McQuigge followed up this great performance on Friday night with another stellar job on Saturday with 31 saves, including five in the last five minutes of the game. Goals for the Tigers came early with Lund and sophomore forward Annie MacDonald both scoring in the first period. Despite a number of other scoring chances, Princeton was never able to get the go-ahead goal over the last two periods and overtime. 

As it was last weekend against Syracuse, the Tigers continued to dominate at the face-off circle. On Friday, Princeton won 46 of 72 face-offs and on Saturday they won 32 of 57. Lund commented, “Our team takes a lot of pride in winning face-offs because we see it as a five-man effort instead of just the centers’ responsibility.” Constant communication during the week and the games was something that Lund commented as having worked really well for them. 
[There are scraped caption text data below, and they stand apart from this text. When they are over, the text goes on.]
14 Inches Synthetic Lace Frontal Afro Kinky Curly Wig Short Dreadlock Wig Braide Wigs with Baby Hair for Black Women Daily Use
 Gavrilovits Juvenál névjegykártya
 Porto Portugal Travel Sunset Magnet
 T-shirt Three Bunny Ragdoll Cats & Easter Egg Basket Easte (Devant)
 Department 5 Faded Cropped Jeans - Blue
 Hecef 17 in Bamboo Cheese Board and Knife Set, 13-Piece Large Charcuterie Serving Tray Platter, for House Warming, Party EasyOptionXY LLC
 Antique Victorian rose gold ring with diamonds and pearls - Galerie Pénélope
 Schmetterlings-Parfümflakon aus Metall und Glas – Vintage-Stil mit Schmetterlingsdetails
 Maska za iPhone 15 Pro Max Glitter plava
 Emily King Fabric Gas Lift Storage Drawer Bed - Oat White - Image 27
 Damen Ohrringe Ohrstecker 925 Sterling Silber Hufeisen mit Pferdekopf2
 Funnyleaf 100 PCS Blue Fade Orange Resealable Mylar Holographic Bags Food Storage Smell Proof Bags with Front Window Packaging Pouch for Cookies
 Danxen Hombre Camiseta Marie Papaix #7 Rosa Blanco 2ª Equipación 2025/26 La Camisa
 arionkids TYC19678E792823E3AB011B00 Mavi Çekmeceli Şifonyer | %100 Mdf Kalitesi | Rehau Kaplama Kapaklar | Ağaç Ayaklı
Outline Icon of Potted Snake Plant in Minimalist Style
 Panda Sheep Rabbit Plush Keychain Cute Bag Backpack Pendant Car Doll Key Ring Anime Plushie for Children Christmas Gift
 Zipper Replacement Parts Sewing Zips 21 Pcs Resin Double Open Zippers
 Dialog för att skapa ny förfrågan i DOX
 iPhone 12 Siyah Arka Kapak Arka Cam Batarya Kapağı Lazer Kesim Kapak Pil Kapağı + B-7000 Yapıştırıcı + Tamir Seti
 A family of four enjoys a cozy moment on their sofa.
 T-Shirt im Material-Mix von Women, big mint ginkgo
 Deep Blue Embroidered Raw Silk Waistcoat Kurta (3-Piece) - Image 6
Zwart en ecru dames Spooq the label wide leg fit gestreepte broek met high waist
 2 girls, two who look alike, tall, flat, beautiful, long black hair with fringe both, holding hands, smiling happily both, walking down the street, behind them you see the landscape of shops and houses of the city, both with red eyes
When Princeton is next home against Quinnipiac on Nov. 30, the Tigers will be looking to get another large crowd like they did on Friday night at their #BlackOutBaker game.

Lund said, “The atmosphere was incredible. The fans brought a ton of energy which helped our team come out to a fast start and never slow down.” Lund felt that Friday’s game was one of the teams’ best so far this season and that the crowd played a big role in that. 

The Tigers are off this next weekend for Thanksgiving break before playing Quinnipiac in its annual home-and-home series on Nov. 30 at Princeton and Dec. 1 at Quinnipiac. Quinnipiac currently sits in tied for fourth place with Colgate in the ECAC Hockey standings after losing 2–1 to Cornell and tying Colgate 3–3.